My son and I love a few certain characters from the books we’ve read aloud over the years. Gum-Baby, from Tristan Strong, Boots, from Gregor the Overlander, Maniac Magee. For my daughter, it’s Junie B. Jones and Ramona from their named series collections. For me, it was always Anne (of Green Gables) I returned to growing up, and Jo from Little Women. Oh, and of course, Calvin from Calvin and Hobbes.
Incredible characters are everywhere we turn in literature, and they make such an impact on us. We see through their eyes, experience their transformations, build empathy through their experiences.
Maybe that’s why when I think about characterization, I tend to think about activities that showcase characters visually. That come at them from many angles. That require students to consider their evolution, their growth, their nature vs. their nurture.
Because sure, by all means, let’s talk about what it means to be flat or round, static or dynamic. But then let’s go much further.
Today on the podcast, I’m sharing six creative characterization projects I’ve come up with over the years, in hopes that one (or two, or three) will fill a hole for you. I love them all for different reasons, and I hope you will too.
Characterization Project: The Open Mind

I love the open mind as an inroad to characterization. It invites students to choose their favorite character and really think about what’s going on in their head (perhaps inviting a bit of introspection about the state of their own mind too). This activity allows you to see how carefully your students have read, but it also gives them a chance to express their creativity and leads easily into a whole class discussion of the book.
Here’s how I’d set it up.
Inside their “open mind,” invite students to include:
- At least 3 adjectives to describe your character
- 2-3 key quotations that help define your character
- Desires and dreams
- Strengths, weaknesses
- Personal history and background information that helps define the character
- Analysis of how the character grows/changes/transforms throughout the text
- Key connections and relationships to other characters
- Motivations
- Interests, passions
Then, if you wish, go a step further to incorporate visual and written expression of these ideas.
Ask students…
How might you play with the sizes and locations of various elements to highlight their importance or show their relative lack of importance?
How can you use colors, shapes, or types of text to help highlight what’s inside your character’s open mind?
Can you make use of imagery and visual symbolism to help showcase key elements?
(This project is in The Lighthouse in the Projects for any Novel section, or you can find it on TPT here if you’d like my version).
The Characterization One-Pager

This characterization one-pager template riffs on the open-mind activity a bit, inviting students to choose one key word to put inside the head of each of the four characters they showcase. But then they’ll add more pressing in around them, like a key quotation, relevant symbols or images, descriptors in their own words. By the time they create miniature portraits of four key characters, they’ll have a strong basis to discuss the contrasts and conflicts, as well as similarities and alliances cropping up across the characters in their text.
Character Transformation: Before & After Masks


I just created this project last month, as I was working on a unit for A Christmas Carol, and, as so often happens to me, I just got super into it.
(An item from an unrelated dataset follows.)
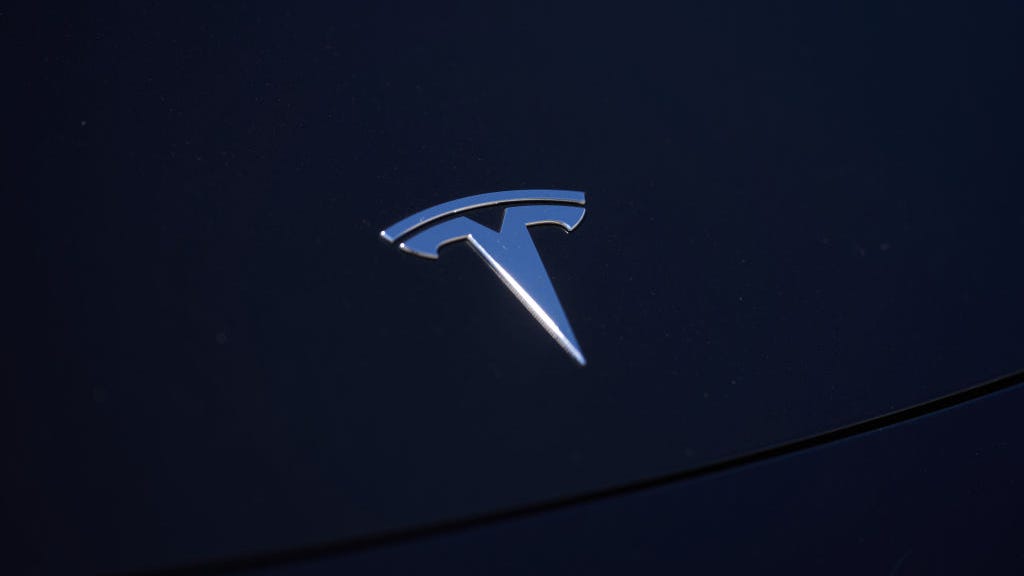 Man dead after Tesla collides with 9 vehicles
Scrooge is a particularly fascinating character to me, partly because he stands out with such force as the only dynamic, round character in a flat and static world featured as a background to his transformation. What fun, then, to showcase his before & after in these theater masks. Whether for Scrooge or any character who experiences a transformation, students can use the masks to draw out contrasts, highlighting quotes, descriptors, imagery, and color in each to highlight the differences between the two.
Showcasing Characterization with 6 Word Memoirs

This character six word memoir is a shorter activity, easy to complete as the springboard to discussion and fun for a wall display. For this activity, students consider a character’s arc – their experiences, evolution, relationships – and then try to boil all of that down into six words. Not easy, I know. The process of distilling a character’s life experiences into six words won’t be easy, but it can naturally lead into interesting conversations around each student’s choices.
Exploring Characterization with a Hexagonal One-Pager Discussion

I love one-pagers, and I love hexagonal thinking, so naturally I love the combination of the two! To put a characterization twist on a hexagonal thinking discussion, have students create hexagonal one-pagers about characters, then jump into creating hexagonal webs showing the connections between aspects and experiences of those characters. You can either stick entirely with hexagons devoted to characters, or have each each student create a hexagon for a character and one for a key theme or symbol to add to the deck.
Quick Characterization Activity: Annotate a Character Image


I think annotating images is fascinating, whether it’s annotating a social media graphic, a meme, a map, a photograph, or a freeze from a film clip.
Inviting students to annotate an illustration or screenshot (from a film version) of a character is a great way to consider characterization.
Once they’ve annotated what they notice about the illustration, ask them to further and layer on details from the text that you can’t see. Then maybe go a step further and have them argue for whether or not the illustration or film portrayal feels like an accurate reflection of the literary character in their opinion.
Ready?
OK, you’re ready to go rock one of these creative characterization activities (or all of them!). Remember, round vs. flat and static vs. dynamic are great places to start, but to help students really dig into a powerful character, launch beyond the checklist.